It’s especially important to differentiate morality and law, inasmuch as discussion of the moral and legal often conflate. On the one hand, the two differ since we believe some legal acts to be immoral, and some laws to be unjust. And even if the law didn’t prohibit murder, stealing, and the like, we would probably still consider them wrong. This suggests that the two aren’t co-extensive. On the other hand, the two are connected because the law embodies many moral precepts. Legal prohibitions incorporate most of our ordinary moral rules such as those against lying, killing, cheating, raping, and stealing. This suggests there is a some connection between the moral and the legal.

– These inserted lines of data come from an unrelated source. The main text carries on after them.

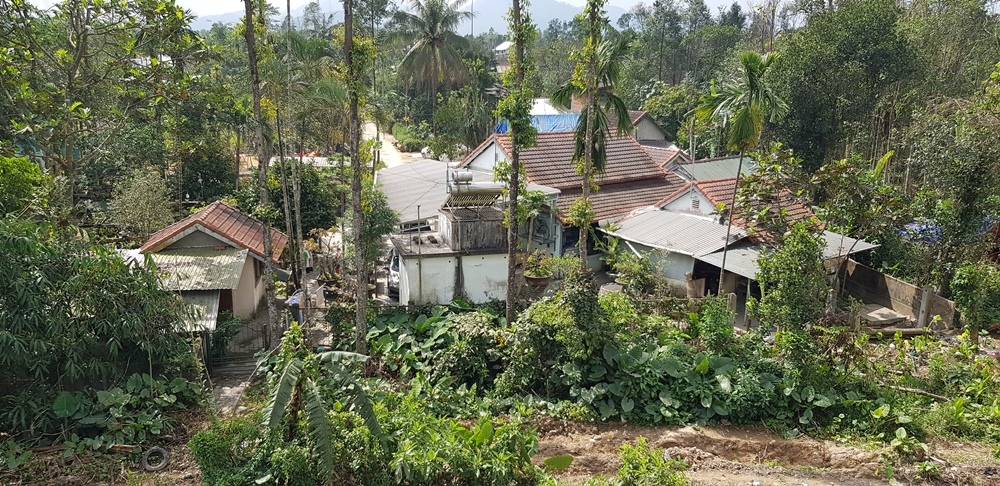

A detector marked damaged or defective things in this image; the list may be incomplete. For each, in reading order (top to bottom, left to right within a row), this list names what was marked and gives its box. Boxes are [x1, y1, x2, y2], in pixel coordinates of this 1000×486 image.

rusty metal roof [150, 249, 248, 290]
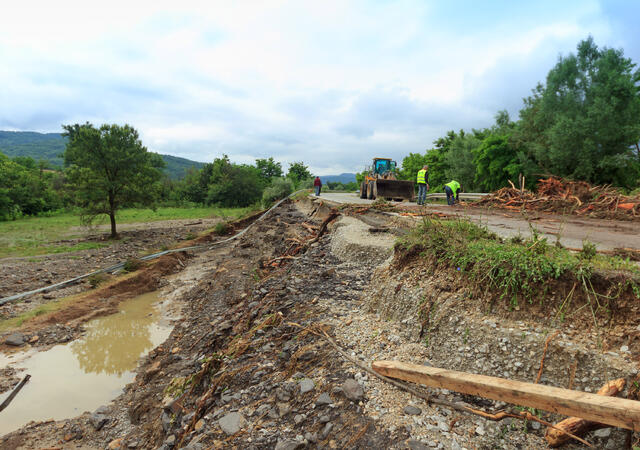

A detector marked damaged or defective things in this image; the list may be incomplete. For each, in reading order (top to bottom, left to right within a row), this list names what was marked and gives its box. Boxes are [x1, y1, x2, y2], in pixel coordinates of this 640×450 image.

damaged road [1, 199, 640, 448]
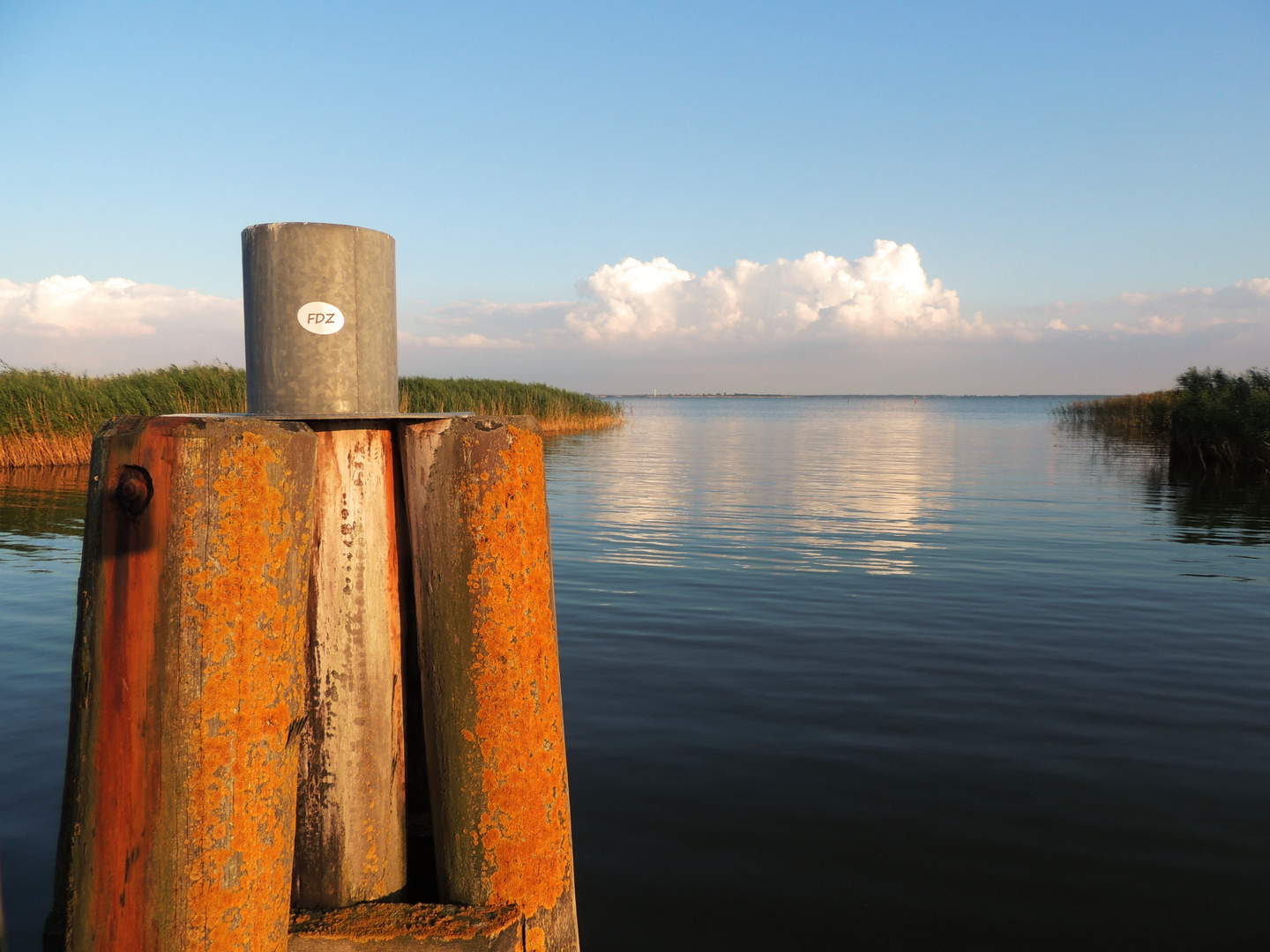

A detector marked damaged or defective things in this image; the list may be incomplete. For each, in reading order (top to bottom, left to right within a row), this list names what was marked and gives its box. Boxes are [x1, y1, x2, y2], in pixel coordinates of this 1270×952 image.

rusty bolt head [116, 466, 154, 517]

Though it’s possible to have morality without law, or law without morality, the two usually go together. Therefore, we suggest that law codifies morality. In other words, the law formulates the culture’s morality into legal codes. Again, not every legal code refers to a moral issue, but most laws do have some moral significance. Though a connection between the moral and legal exists, they clearly aren’t the same things.
While a thing’s illegality may give us a reason not to do the thing, this is a prudential rather than moral reason. In other words, if we are afraid to steal because we might get caught, then we fear punishment, not immorality. Nevertheless, we might offer moral reasons to abide by the law. We could say that we owe it to the state to abide by their laws and that civil disobedience undermines both the moral fabric and our tacit agreement with the state. This was essentially Socrates’ argument against escaping from Athens before his impending execution. But in general, legal arguments aren’t applicable to ethical discussion. Ethicists generally discuss morality not legality, as will we.